I'm trying to extract some data from a given XML file. Therefore, I have to select some specific nodes by their attribute values. My XML looks like this:
<?xml version="1.0" encoding="UTF-8" ?>
<svg ....>
....
<g font-family="'BentonSans Medium'" font-size="12">
<text>bla bla bla</text>
....
</g>
....
</svg>
I've tried to escape the apostrophs in the value but I couldn't get it working.
from lxml import etree as ET
tree = ET.parse("file.svg")
root = tree.getroot()
xPath = ".//g[@font-family=''BentonSans Medium']"
print(root.findall(xPath))
I always get errors of this kind:
File "C:\Python34\lib\site-packages\lxml\_elementpath.py", line 214, in prepare_predicate
raise SyntaxError("invalid predicate")
Anyone got ideas how to select these nodes with XPath?
Try this:
xPath = ".//g[@font-family=\"'BentonSans Medium'\"]"

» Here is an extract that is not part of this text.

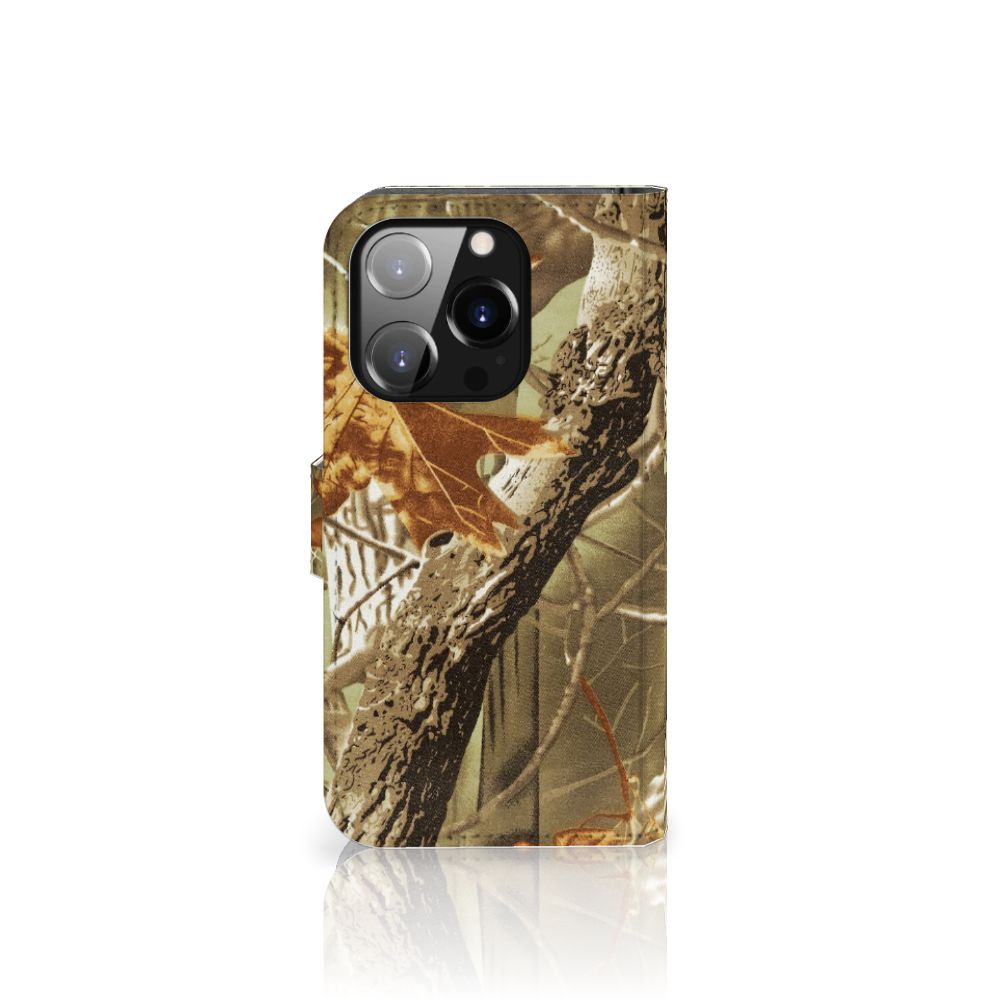 iPhone 14 Pro Hoesje Wildernis met natuurdesign van takken en bladeren, perfect voor natuurliefhebbers.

Your code fails because you haven't put the closing single quote:
xPath = ".//g[@font-family=''BentonSans Medium']"
It should be after the last '
:
xPath = ".//g[@font-family=''BentonSans Medium'']"

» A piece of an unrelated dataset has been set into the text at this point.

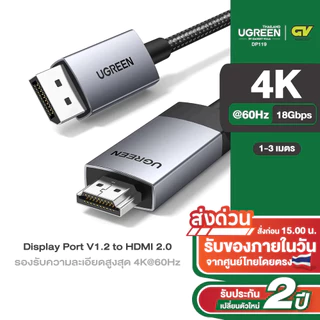 UGREEN รุ่น DP119 DisplayPort to HDMI Cable 4K 60Hz HDR Active DP 1.2 to HDMI 2.0 สายไฟถัก Aluminum ยาว1-3 เมตร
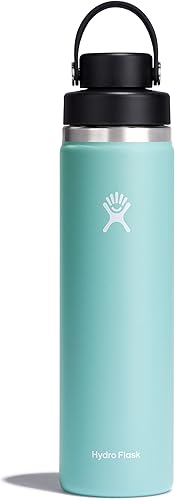 Hydro Flask Water Bottle - Insulated Stainless Steel - Wide Mouth Chug Lid, Non Spill, Leakproof in 24 Oz Dew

But it doesn't make the XPath expression correct, as '
is interpreted just as is.
By the way, if you want to check if the font-family
contains the given string, use contains()
XPath function with the xpath
method:
xPath = '//g[contains(@font-family, "BentonSans Medium")]'
print(root.xpath(xPath))
Output
[<Element g at 0x7f2093612108>]
The sample code fetches all g
elements with font-family
attribute values containing BentonSans Medium
string.
I don't know why the findall
method doesn't work with contains()
, but the xpath
seems more flexible, and I would recommend using this method instead.